Matthias Klose wrote:
``The GNU Project'', ``The GNU Manifesto'' and ``Funding Free Software'',
I guess these are the problematic ones, right? If so, would it help if we "dual-license" the manual with and without them? I.e., you can use the manual as before, or you can completely omit these sections (which Debian could then do).
Yes, a dual license would help.
So I suggest the following change. Note, this is just a draft yet. If it's sufficient for you, we need the agreement of all recent (i.e., since the change from LGPL to FDL) contributors to the documentation. I'd have to check, but that's at least Peter N Lewis, Mirsad Todorovac, Eike and me.
If that's done, just set DEBIANLY_CORRECT. (In addition, you might want to remove gnu.texi and remove its reference from the Makefile, if you also have to omit it in source distributions.)
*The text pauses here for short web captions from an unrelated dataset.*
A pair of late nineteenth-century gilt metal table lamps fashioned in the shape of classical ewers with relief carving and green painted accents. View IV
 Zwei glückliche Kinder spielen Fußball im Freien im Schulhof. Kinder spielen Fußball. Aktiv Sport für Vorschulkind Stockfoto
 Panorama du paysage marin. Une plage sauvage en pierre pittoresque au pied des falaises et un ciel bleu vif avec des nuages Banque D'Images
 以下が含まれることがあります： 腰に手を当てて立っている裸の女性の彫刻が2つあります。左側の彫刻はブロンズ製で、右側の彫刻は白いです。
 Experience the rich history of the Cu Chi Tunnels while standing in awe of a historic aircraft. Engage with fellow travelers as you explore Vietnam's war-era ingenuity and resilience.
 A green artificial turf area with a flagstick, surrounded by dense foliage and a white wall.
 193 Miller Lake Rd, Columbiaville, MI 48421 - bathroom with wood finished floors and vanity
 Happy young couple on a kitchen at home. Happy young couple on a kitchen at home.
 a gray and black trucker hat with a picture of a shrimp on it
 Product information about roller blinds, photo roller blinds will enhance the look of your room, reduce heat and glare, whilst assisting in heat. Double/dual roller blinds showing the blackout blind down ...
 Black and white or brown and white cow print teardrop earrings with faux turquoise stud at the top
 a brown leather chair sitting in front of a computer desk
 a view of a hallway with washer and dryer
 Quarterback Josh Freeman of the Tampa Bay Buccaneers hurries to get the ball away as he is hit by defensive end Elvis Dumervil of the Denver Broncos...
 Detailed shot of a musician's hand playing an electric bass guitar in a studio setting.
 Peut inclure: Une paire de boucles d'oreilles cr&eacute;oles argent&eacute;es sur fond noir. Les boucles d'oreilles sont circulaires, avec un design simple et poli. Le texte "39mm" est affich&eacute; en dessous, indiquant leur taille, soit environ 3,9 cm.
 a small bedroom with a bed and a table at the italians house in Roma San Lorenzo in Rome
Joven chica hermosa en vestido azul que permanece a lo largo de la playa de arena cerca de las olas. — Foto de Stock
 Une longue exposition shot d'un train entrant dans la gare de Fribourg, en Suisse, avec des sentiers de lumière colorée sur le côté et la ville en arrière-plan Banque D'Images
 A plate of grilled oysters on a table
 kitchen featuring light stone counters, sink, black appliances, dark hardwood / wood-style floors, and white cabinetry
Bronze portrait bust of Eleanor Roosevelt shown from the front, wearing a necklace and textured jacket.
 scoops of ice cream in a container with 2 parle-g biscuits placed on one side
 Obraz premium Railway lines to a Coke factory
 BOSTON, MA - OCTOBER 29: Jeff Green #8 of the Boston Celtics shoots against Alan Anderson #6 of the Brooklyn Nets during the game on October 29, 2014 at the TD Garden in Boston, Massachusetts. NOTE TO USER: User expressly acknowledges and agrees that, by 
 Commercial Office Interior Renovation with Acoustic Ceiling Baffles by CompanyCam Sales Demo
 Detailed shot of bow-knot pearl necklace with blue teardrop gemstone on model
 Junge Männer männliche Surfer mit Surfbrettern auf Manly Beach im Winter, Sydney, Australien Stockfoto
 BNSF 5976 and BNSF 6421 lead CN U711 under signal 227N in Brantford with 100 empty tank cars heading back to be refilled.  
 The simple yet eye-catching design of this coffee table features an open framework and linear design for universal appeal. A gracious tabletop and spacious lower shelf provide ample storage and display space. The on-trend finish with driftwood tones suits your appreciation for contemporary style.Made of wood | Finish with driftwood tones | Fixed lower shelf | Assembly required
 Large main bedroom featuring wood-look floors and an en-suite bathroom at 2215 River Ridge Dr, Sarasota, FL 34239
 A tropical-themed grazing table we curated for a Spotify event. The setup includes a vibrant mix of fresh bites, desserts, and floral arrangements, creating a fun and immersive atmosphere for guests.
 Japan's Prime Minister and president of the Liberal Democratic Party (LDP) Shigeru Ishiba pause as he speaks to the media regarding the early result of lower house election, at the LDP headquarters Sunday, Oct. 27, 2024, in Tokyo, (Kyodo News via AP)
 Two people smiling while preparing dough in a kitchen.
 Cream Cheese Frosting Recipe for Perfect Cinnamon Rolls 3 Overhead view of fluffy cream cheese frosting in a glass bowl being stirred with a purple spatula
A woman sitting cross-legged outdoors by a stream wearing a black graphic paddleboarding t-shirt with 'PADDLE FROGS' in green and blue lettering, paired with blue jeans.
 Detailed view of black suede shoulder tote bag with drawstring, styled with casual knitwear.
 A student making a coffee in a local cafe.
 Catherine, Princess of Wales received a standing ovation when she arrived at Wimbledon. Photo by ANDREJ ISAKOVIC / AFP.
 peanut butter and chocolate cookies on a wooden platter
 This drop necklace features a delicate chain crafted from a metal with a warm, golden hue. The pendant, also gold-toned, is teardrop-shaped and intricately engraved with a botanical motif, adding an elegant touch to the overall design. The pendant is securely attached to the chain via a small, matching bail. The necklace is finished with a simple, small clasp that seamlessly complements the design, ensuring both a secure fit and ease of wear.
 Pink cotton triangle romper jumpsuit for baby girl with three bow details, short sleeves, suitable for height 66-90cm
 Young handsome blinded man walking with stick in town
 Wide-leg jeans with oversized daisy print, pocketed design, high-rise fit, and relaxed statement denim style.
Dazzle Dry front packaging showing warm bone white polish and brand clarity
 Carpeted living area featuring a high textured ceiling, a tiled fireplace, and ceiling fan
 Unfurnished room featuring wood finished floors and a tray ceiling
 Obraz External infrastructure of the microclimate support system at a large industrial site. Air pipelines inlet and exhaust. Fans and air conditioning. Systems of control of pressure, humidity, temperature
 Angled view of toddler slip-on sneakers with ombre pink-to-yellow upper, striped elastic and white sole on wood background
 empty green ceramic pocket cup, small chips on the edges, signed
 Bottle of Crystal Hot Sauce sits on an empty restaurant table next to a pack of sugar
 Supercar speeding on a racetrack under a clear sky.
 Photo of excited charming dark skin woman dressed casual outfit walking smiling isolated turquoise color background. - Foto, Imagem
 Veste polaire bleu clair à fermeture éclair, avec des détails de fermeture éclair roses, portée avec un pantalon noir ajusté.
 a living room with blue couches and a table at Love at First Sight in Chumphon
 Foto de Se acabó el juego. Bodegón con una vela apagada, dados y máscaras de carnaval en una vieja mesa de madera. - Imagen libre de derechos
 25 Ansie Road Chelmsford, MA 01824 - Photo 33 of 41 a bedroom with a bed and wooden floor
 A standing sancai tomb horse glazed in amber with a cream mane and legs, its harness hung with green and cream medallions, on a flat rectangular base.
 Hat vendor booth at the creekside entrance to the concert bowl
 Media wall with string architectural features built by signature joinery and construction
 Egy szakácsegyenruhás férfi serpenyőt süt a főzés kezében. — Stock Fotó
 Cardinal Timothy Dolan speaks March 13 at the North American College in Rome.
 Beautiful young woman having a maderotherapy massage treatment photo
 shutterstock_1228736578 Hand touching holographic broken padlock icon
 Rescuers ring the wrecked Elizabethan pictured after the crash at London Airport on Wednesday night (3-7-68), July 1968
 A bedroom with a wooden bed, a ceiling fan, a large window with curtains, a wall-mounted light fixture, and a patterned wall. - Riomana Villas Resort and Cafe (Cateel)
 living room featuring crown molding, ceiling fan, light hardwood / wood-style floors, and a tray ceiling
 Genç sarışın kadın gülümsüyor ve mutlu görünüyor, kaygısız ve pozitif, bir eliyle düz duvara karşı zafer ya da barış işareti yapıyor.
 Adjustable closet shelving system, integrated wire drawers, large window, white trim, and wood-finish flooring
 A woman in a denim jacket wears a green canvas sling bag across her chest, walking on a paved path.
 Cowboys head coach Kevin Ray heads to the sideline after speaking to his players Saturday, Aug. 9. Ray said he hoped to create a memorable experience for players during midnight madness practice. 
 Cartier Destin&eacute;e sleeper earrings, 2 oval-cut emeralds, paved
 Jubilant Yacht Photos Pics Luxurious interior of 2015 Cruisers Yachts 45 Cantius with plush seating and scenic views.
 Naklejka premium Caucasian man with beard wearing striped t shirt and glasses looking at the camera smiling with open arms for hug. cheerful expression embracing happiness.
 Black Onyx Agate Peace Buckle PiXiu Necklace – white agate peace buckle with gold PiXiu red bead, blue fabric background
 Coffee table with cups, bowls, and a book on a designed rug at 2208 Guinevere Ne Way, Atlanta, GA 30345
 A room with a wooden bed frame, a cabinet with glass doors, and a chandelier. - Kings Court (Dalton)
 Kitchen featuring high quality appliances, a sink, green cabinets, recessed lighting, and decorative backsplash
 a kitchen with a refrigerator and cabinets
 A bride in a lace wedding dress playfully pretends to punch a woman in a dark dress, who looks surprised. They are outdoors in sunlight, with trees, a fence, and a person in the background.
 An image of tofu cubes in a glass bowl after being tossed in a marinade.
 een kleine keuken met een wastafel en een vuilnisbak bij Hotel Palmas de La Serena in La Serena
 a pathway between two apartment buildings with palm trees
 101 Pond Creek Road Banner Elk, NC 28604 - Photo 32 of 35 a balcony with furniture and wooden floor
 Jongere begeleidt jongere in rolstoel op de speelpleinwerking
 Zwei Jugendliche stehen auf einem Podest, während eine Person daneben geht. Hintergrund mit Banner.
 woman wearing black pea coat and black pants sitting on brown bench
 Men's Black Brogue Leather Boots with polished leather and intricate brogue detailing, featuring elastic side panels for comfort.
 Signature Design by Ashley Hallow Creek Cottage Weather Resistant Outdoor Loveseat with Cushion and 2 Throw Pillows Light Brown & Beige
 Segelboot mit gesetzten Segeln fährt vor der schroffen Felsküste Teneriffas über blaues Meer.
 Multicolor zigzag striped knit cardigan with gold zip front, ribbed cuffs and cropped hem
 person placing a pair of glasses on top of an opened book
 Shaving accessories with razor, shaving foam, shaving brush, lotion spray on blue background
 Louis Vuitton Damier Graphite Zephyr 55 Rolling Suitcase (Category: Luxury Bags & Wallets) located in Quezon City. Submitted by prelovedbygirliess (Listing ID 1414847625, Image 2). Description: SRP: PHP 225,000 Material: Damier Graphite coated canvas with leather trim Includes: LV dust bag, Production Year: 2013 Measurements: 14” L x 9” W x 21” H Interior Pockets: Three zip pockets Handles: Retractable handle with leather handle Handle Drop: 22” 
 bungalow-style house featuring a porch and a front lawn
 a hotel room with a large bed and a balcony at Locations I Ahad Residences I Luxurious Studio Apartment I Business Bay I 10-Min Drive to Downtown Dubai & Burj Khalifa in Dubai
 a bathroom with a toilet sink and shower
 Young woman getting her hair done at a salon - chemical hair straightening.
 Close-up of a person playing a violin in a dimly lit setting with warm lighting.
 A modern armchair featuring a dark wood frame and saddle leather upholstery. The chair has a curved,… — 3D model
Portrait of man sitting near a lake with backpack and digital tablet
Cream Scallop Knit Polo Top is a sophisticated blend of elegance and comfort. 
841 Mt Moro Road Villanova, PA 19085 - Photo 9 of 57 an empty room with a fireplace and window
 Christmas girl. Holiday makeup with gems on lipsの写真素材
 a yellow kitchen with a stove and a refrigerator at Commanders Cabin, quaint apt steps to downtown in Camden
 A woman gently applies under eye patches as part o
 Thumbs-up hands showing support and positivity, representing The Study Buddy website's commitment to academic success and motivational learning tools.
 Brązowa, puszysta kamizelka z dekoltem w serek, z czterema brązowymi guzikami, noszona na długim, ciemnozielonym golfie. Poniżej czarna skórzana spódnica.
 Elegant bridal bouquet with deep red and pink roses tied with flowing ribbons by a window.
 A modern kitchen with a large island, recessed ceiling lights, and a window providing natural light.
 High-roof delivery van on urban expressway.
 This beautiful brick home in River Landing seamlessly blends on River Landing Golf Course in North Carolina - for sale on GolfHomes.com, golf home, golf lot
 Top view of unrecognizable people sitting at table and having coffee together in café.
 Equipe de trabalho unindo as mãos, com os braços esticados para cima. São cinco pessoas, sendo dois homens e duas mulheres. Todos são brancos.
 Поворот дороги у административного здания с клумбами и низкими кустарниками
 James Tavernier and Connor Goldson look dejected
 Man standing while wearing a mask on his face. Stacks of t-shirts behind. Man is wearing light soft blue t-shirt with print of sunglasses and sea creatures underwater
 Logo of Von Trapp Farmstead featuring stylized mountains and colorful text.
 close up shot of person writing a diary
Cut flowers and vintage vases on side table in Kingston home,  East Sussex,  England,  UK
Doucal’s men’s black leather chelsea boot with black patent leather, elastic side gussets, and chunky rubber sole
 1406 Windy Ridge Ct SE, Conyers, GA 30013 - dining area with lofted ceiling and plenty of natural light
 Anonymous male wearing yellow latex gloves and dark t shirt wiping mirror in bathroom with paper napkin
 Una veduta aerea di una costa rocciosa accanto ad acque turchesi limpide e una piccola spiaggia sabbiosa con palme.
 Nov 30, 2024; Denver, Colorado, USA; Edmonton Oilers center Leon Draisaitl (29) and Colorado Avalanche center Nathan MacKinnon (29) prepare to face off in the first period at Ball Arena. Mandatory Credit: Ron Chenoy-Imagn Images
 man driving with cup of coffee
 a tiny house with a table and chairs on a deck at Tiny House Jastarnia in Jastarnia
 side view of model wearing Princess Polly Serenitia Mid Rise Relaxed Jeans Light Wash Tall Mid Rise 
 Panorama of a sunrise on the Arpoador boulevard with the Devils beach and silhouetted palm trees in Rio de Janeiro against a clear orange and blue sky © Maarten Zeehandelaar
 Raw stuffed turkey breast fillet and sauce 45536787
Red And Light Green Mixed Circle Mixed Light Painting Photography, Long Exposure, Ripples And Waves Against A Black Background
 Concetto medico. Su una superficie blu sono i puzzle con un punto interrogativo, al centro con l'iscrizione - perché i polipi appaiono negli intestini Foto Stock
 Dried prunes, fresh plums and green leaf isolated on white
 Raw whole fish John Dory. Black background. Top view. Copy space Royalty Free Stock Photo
I've never seen these texts from GPC in, i.e. a GNU/Linux distribution, so this is not only Debian related ...
I've never seen a GNU/Linux distribution in which the GPC documentation accounts for a quarter or more (paragraph 7, FDL).
maybe not the GPC documentation, I never added all the documentation under the FDL and compared it to the complete documentation.
: 1. [...] The "Document", below, refers to any such manual or work.
(And not the entirety of several such works.)
: 7. [...] if the Document is less than one quarter of the entire : aggregate [...]
So AFAIUI, a single package would have to be 1/4.